WHAT TO DO | Reproduce, word for word, the lines in the material below starting with the one that has "Zwart & Witte" and going on through the one that has "Zara Faux Vegan". Leave out all pictures.

GIVEN ENTRIES |

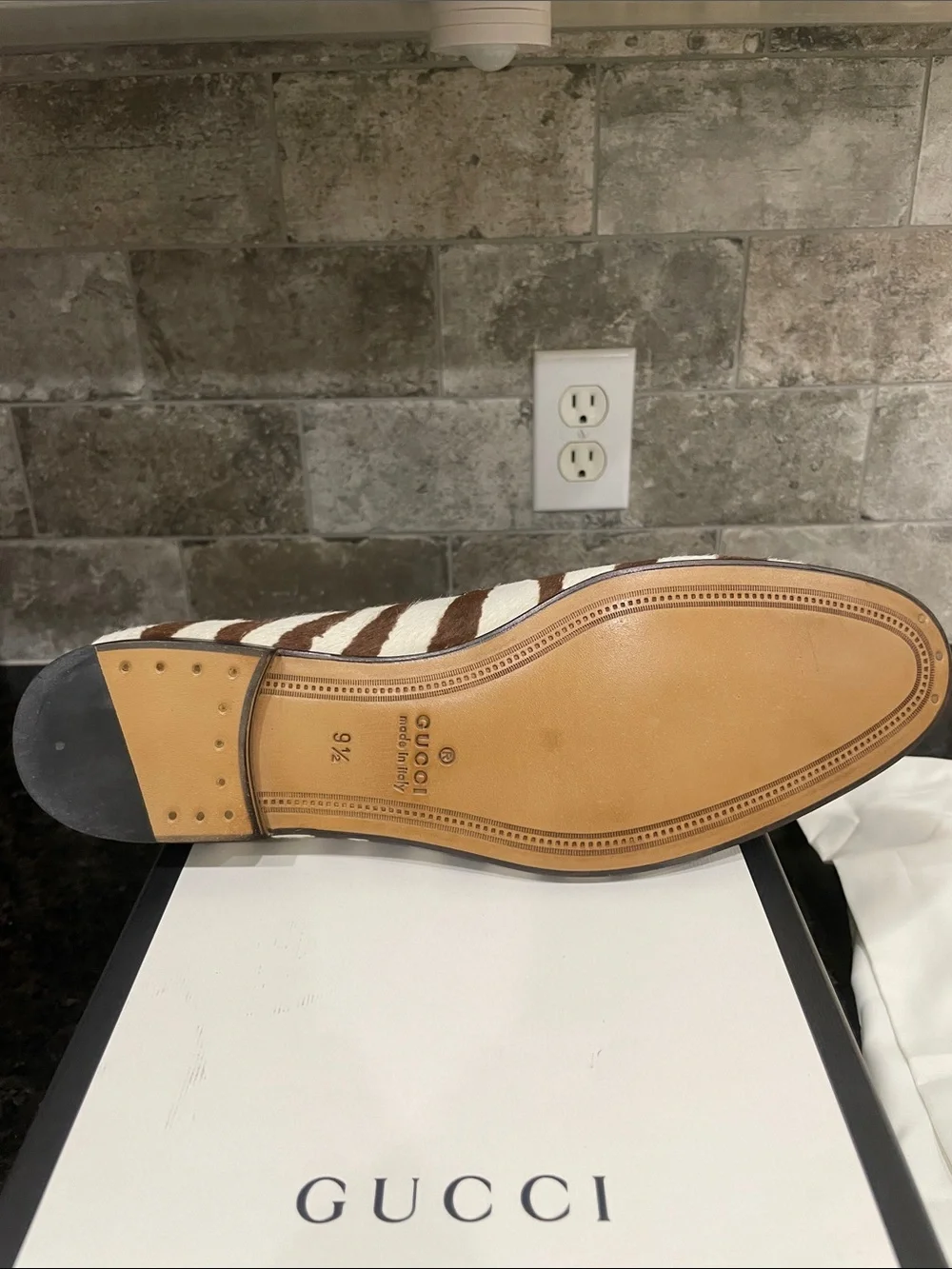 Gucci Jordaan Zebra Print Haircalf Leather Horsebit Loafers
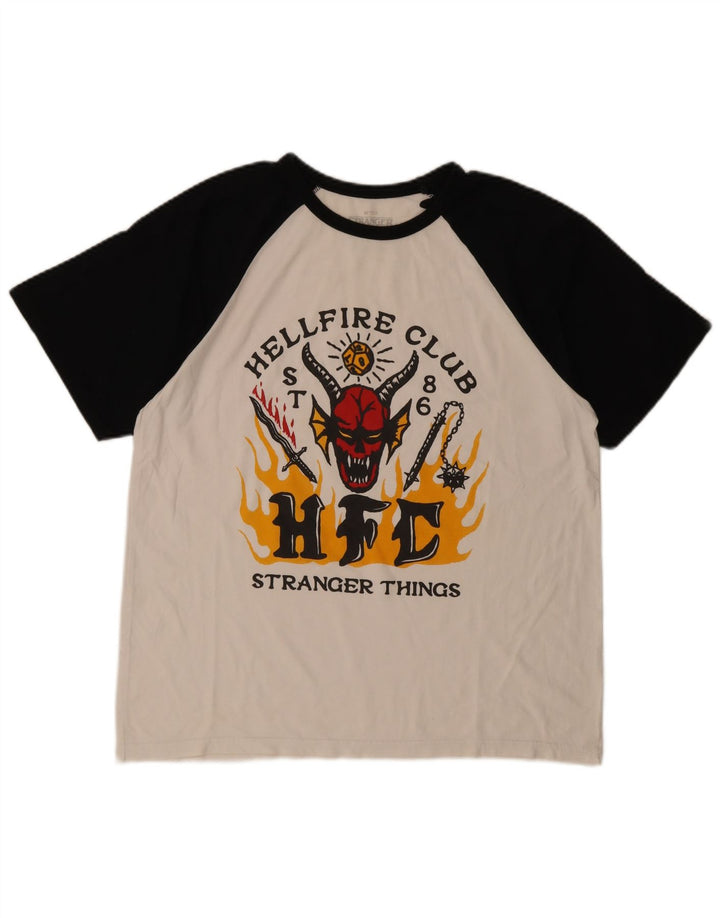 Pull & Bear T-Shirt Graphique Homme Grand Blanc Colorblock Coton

==

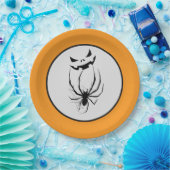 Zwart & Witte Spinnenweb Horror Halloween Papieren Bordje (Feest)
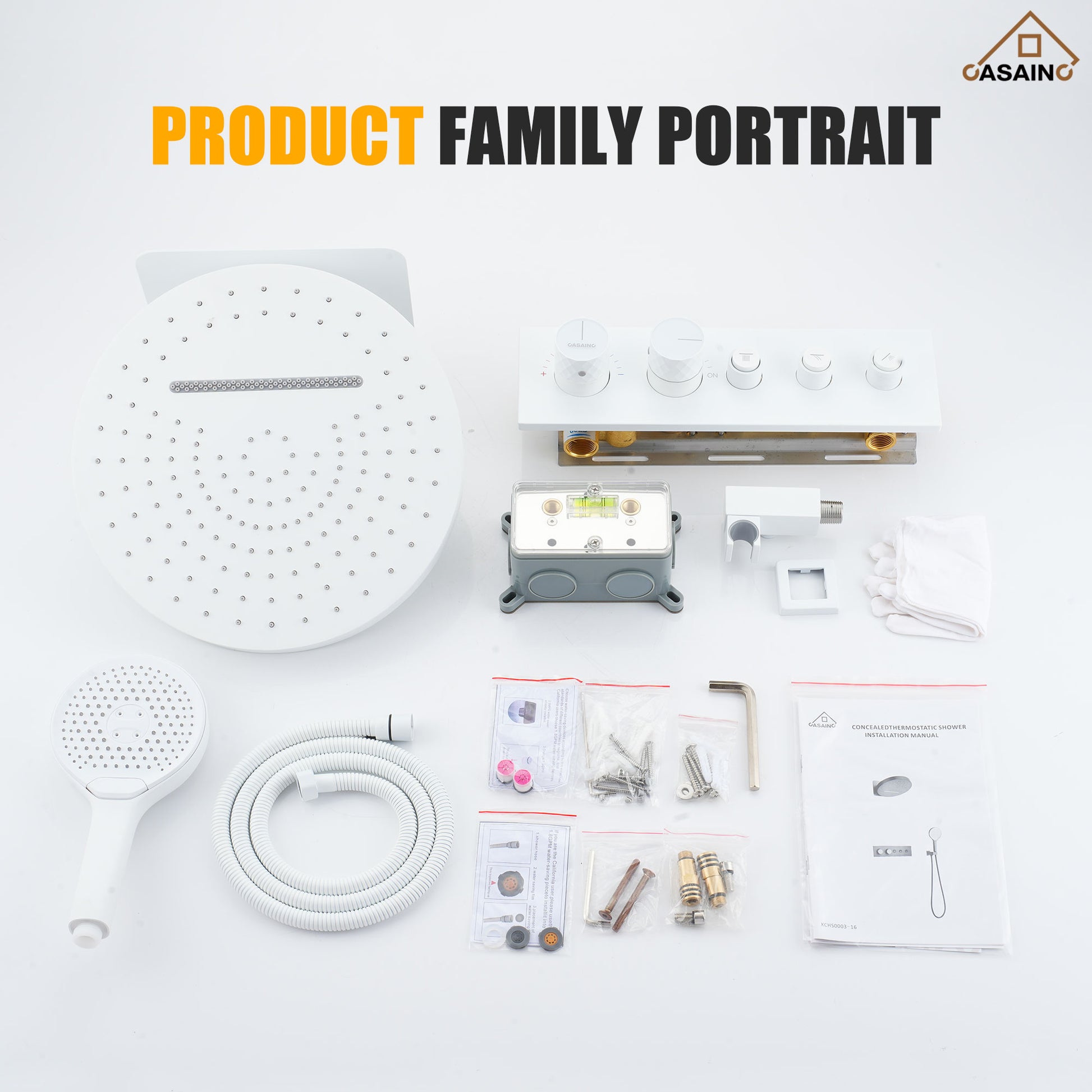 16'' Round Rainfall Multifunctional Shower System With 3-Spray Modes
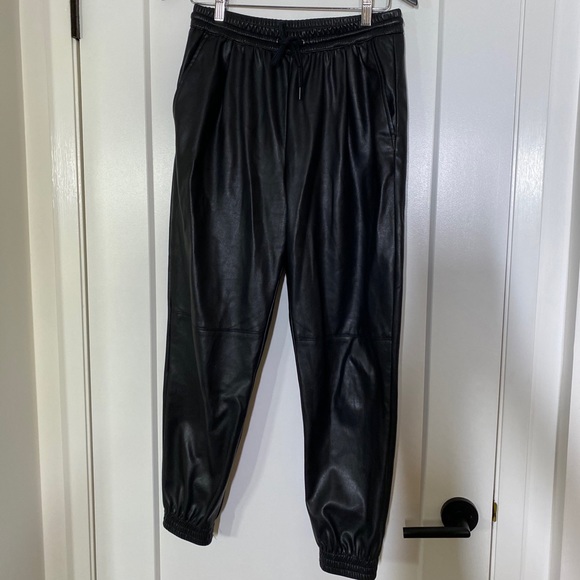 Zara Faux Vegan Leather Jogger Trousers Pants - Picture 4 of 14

* * *

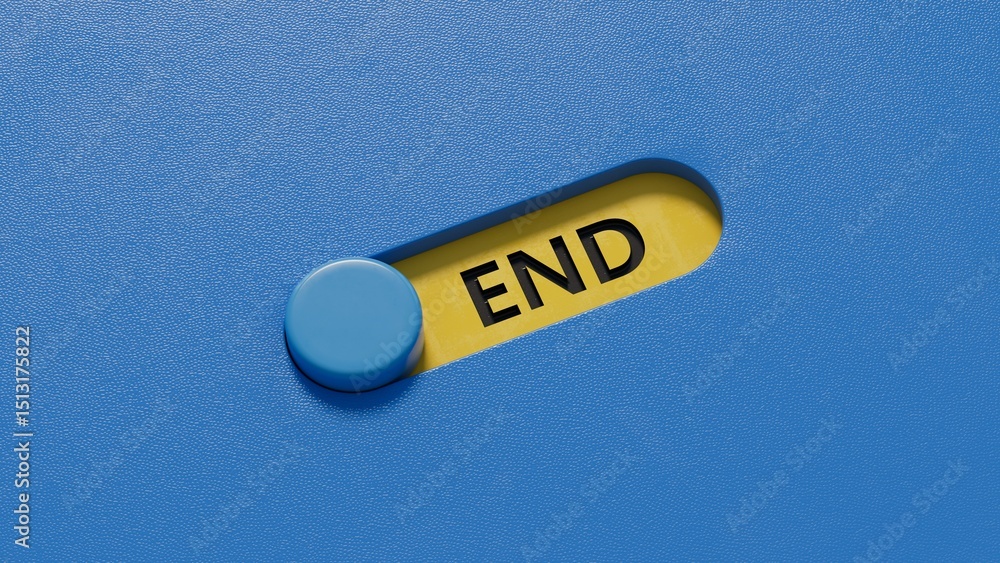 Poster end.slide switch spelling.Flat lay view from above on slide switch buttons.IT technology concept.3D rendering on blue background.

COMPLETED EXERCISE |
 Zwart & Witte Spinnenweb Horror Halloween Papieren Bordje (Feest)
 16'' Round Rainfall Multifunctional Shower System With 3-Spray Modes
 Zara Faux Vegan Leather Jogger Trousers Pants - Picture 4 of 14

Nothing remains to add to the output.